New entity model ruins other entities

I’m trying to train a new entity of type “Technology”.
I started with some seed terms, created patterns and annotated ~300 examples. Then I batch-trained them with en_core_web_lg as a baseline model.
Although I don’t have a lot of annotations yet, I wanted to see how the model is doing so far.

It seems that the model mislabels a lot of entities and tends to label non-entities as WORK_OF_ART:

import spacy
nlp = spacy.load('tech-model')
doc = nlp('Blockchain is a kind of technology')
[(ent.text, ent.label_) for ent in doc.ents]
> [('Blockchain', 'TECH')]

doc = nlp('Apple is looking at buying U.K. startup for $1 billion')
[(ent.text, ent.label_) for ent in doc.ents]
>[('Apple', 'LAW'), ('is', 'WORK_OF_ART'), ('looking', 'WORK_OF_ART'), ('at', 'WORK_OF_ART'), ('buying', 'WORK_OF_ART'), ('startup', 'WORK_OF_ART'), ('for', 'WORK_OF_ART'), ('$1 billion', 'MONEY')]

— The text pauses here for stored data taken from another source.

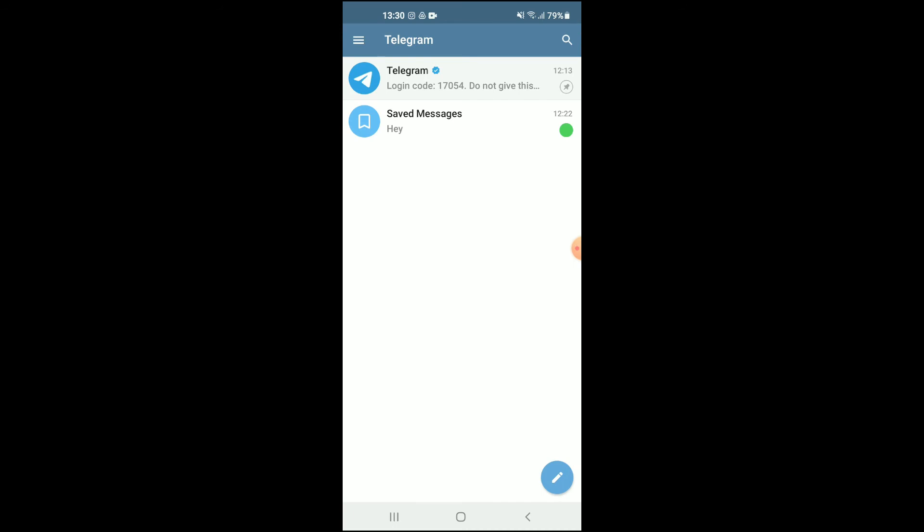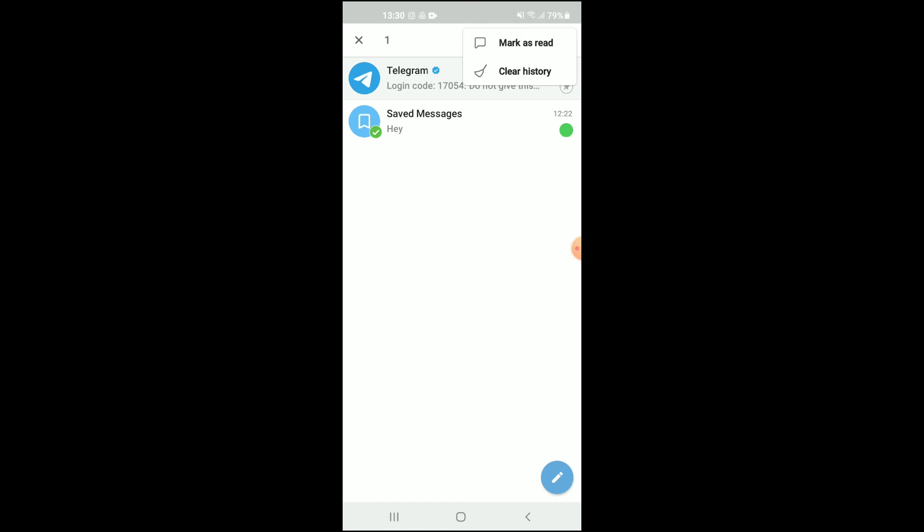And that's how you mark a message as unread. Now to mark a message as read, you will do the same concept basically by pressing down on the message, and right where you see the three dots, you're going to tap on that. Then you will tap on 'mark as read', and that's it.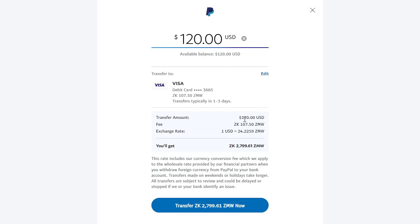I'm transferring $120. The fee is $1.07 and a half. It's fixed at that. The exchange rate is $24.22 — this is a very low exchange rate. Currently the exchange rate is about $25, $24, but it's somewhere close still.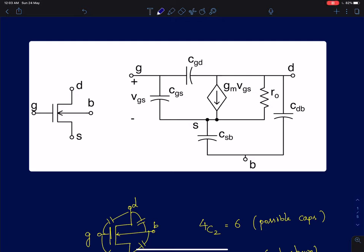Hi everyone, we will now start with our discussion of the frequency response of single-stage amplifiers. In this lecture we will mainly talk about the two frequency-dependent small signal models of the MOS device.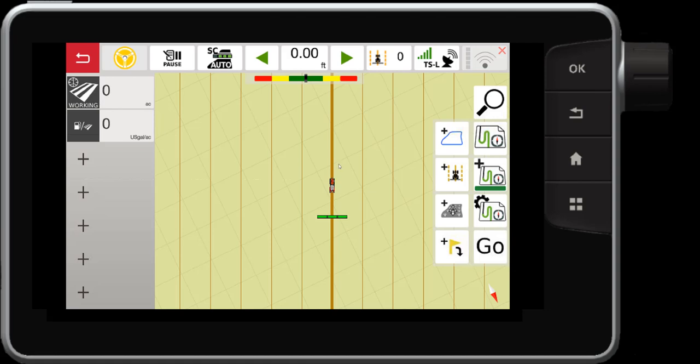So there you have it. That's how you manage your fields and your waylines from the new Maps 2.0 update with the Datatronic 5 console or Fieldstar 5. Thanks for watching.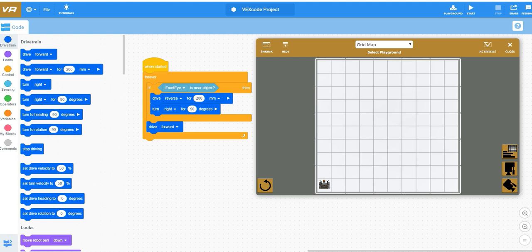Since we see a single if statement, as long as nothing is triggered, all it's going to do is drive forward — forever drive forward. Now, if the front eye is near an object — the front eye is a sensor looking forward — if it sees something in the direction forward of the robot, then this portion of the code is triggered.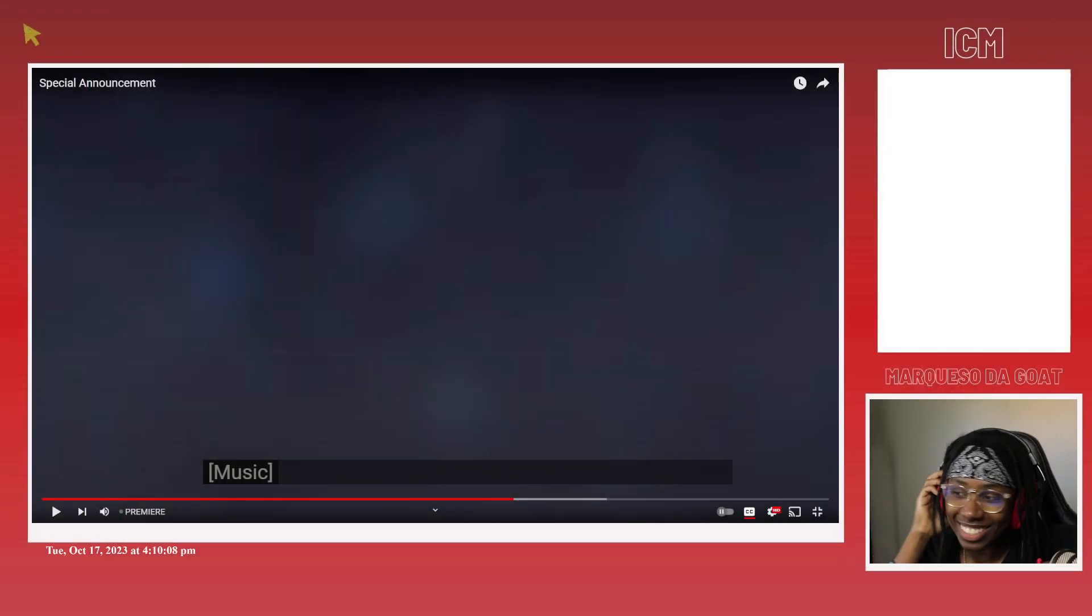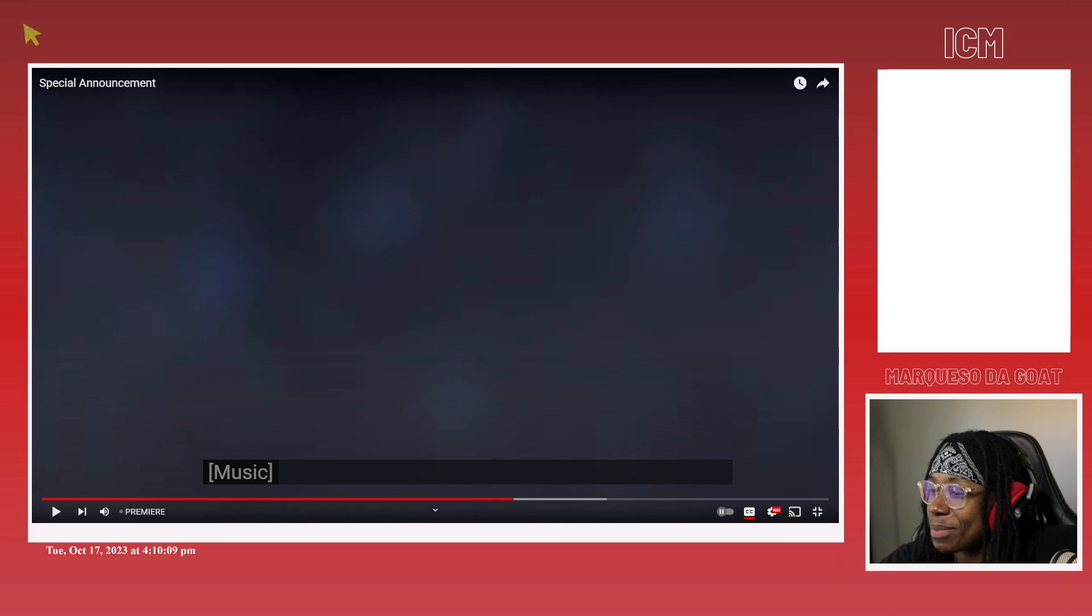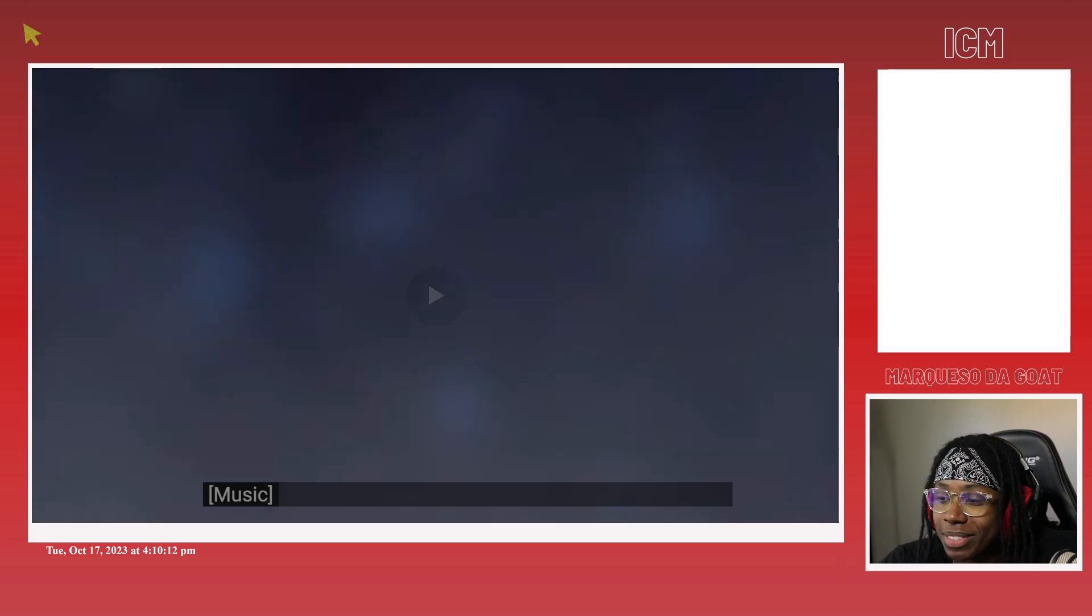Lemmy dropped an announcement. I don't know bro, this album, this new Lemmy's house. What you guys going on bro?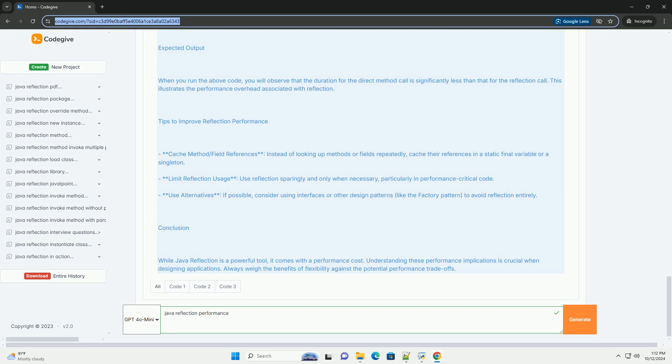Expected Output: When you run the above code, you will observe that the duration for the direct method call is significantly less than that for the reflection call.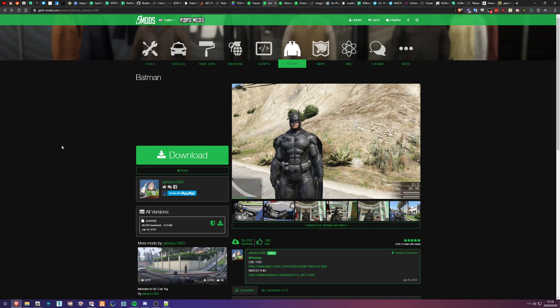We're back with another small tutorial. This one is going to be about pet add-ons, or how to create a pedestrian as an add-on rather than a replacement. There are two different file types: what is defined as a stream pet, and what is defined as a non-stream pet.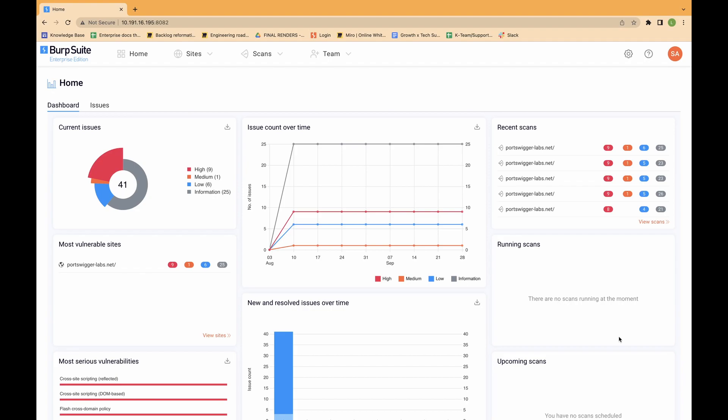Alternatively, you can use SSO or SCIM to configure your users. You can assign users to groups.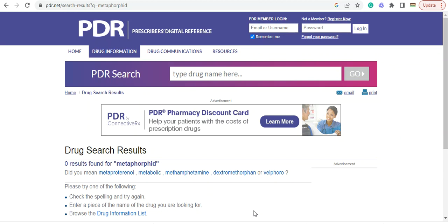Welcome. This is the prescriber's digital reference, the PDR. It's a reference for drugs and pharmaceutical and natural supplements.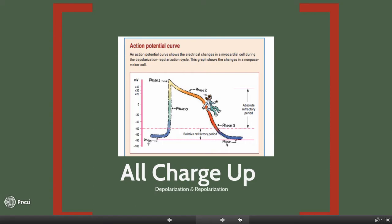Depolarization and repolarization of the heart: after these occur, the resulting electrical impulse travels through the heart along a pathway called the conduction system. The impulses travel out of the SA node, through the internodal tracts to the Bachmann's bundle, to the AV node. From there, they travel through the bundle of His and the bundle branches, and lastly to the Purkinje fibers.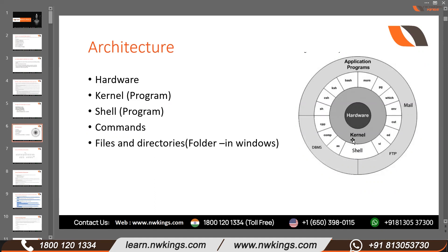Kernel talks to the hardware. It knows how to talk to the hardware. Basically kernel understands the language of hardware. And if the kernel understands the language of hardware, how will it understand our language? I am an end user, or you are the end user. You will be working on a Linux server, and you have to run commands. Kernel only understands the language of hardware — it doesn't understand commands. So to bridge this gap from the end user to the hardware, there is another program called the shell program.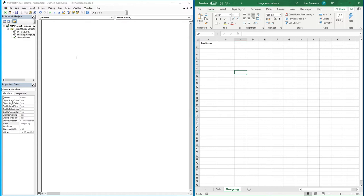In this video we're going to be creating a change log that allows you to store the username every time someone saves this file. It's particularly beneficial if you've got multiple people working on this file and you want to create a log to see every user who has saved it — especially useful if something's been deleted and you want to know who to speak to to resolve that issue.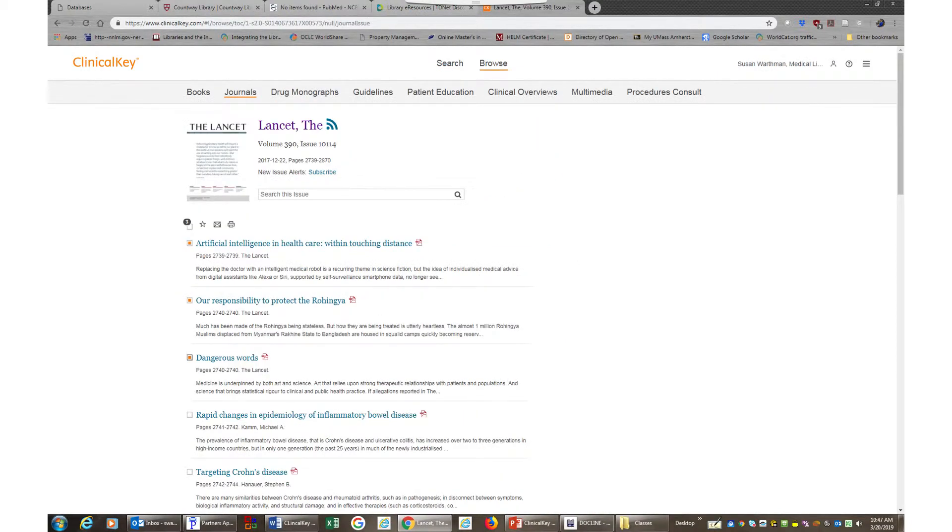When you are in a list of search results, you can use the tools above the first article to save, select, and print.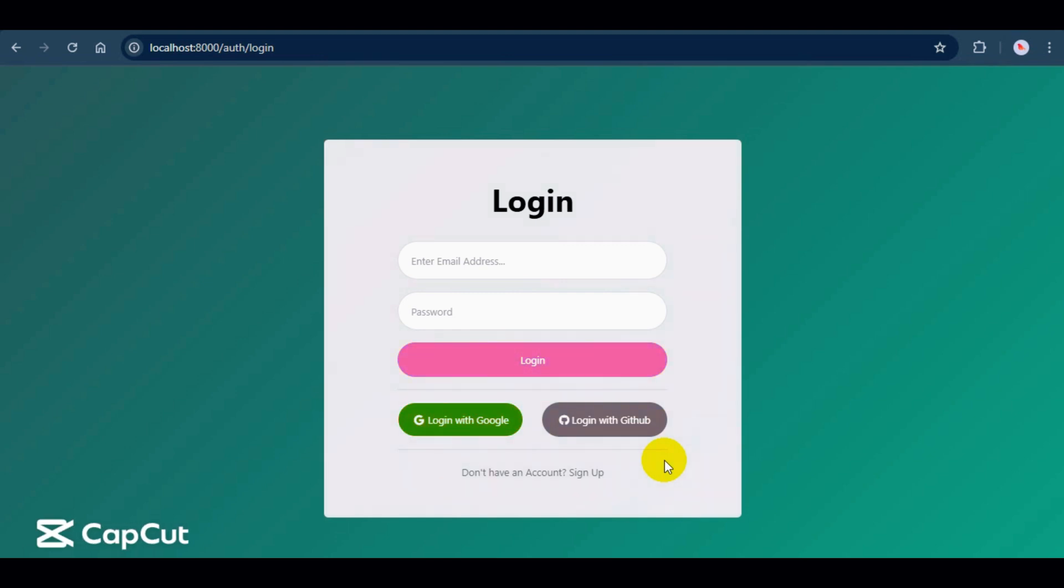Hey everyone, welcome to JoinCoder. In this video, I'm going to show you my first online POS project built with Laravel.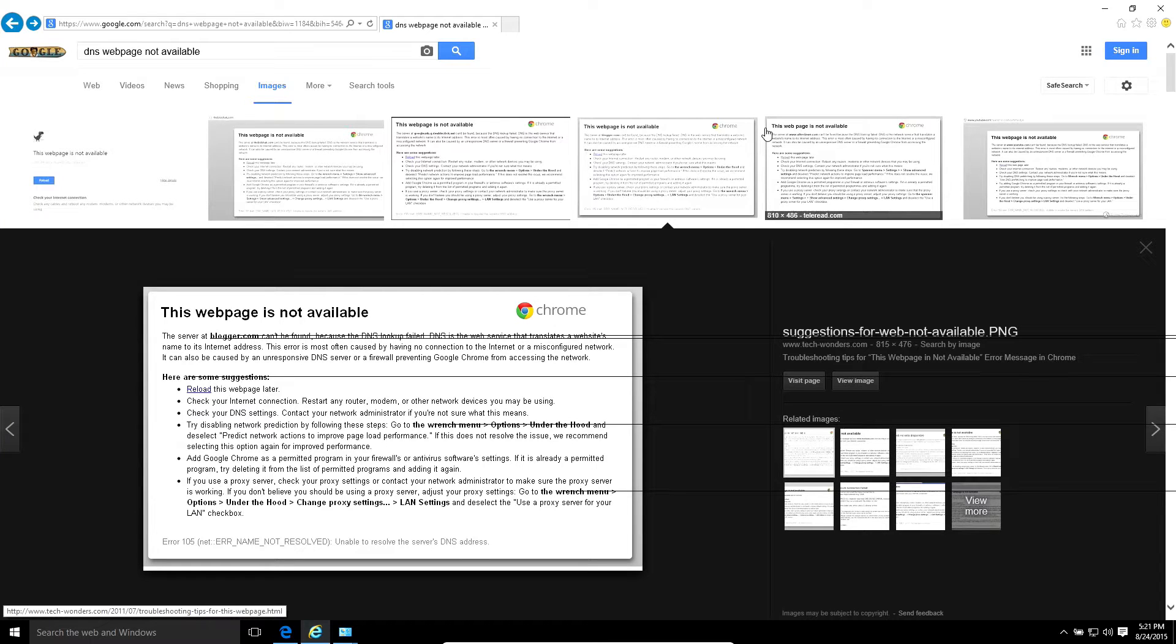What's going on guys? Today's video is about DNS troubleshooting. I've gotten this web page a few times.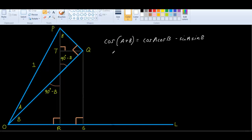Hi, in my previous video I showed you why sin(A+B) equals sin A cos B plus cos A sin B. Now, in this video I'll be showing you why cos(A+B) equals cos A cos B minus sin A sin B.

nlp = spacy.load('en_core_web_lg')
doc = nlp('Apple is looking at buying U.K. startup for $1 billion')
[(ent.text, ent.label_) for ent in doc.ents]
>[('Apple', 'ORG'), ('U.K,', 'GPE'), ('$1 billion', 'MONEY')]

This happened also for another entity I trained.
What am I doing wrong? :slight_smile:

Thanks a lot!

1 Like

Sorry about the late reply! I think what you’re experiencing might be whats often referred to as the “catastrophic forgetting problem”. As your model is learning about the new entity type, it’s “forgetting” what it has previously learned. In your example, this is pretty significant – but it might be because you’ve trained a completely new entity, so the only data the model is updating on is examples labelled TECH and none of the other entity types. Because the model is never “reminded” about the other types, it overfits on the new data.

This blog post we’ve published has some more background on this, including strategies to prevent it. One approach is to mix in examples that the model previously got right and train on both those examples and the new examples.

This is pretty easy to do in Prodigy – after collecting annotations for your new TECH entity, run the model on the same input text, and annotate the other labels. You can add all annotations to the same dataset, and then train your model with those examples. Make sure to always use input data that’s similar to what the model have to process at runtime. This might also give you a little boost in accuracy over the standard English model, because you’re also improving the existing entity types on your specific data.

Alternatively, you can also generate those examples yourself, by running spaCy over a bunch of text and selecting the entities you care about the most. (See the PRODIGY_README.html for details on the JSONL format – all you need to do is convert the entity annotations to this format and then import them to your dataset using the db-in command.)

1 Like

After reading your reply and this blog post I totally agree that this is probably a “catastrophic forgetting problem” case.
Thanks for taking the time to write a detailed answer!

1 Like

I hit a similar catastrophic forgetting problem that also ended up identifying pretty much every word as a WORK_OF_ART. It seems odd that the model would consistently gravitate towards that particular label.

@McNeill Wild Thought here… Perhaps WORK_OF_ART is the least accurately trained label and is next to O. Since new entities can take a pie of weights of O, WORK_OF_ART becomes kind of a bucket all when the score of other entities (old and new) is low.

A post was merged into an existing topic: Run through python script.

Here’s a story I’ve made up that helps me understand catastrophic forgetting.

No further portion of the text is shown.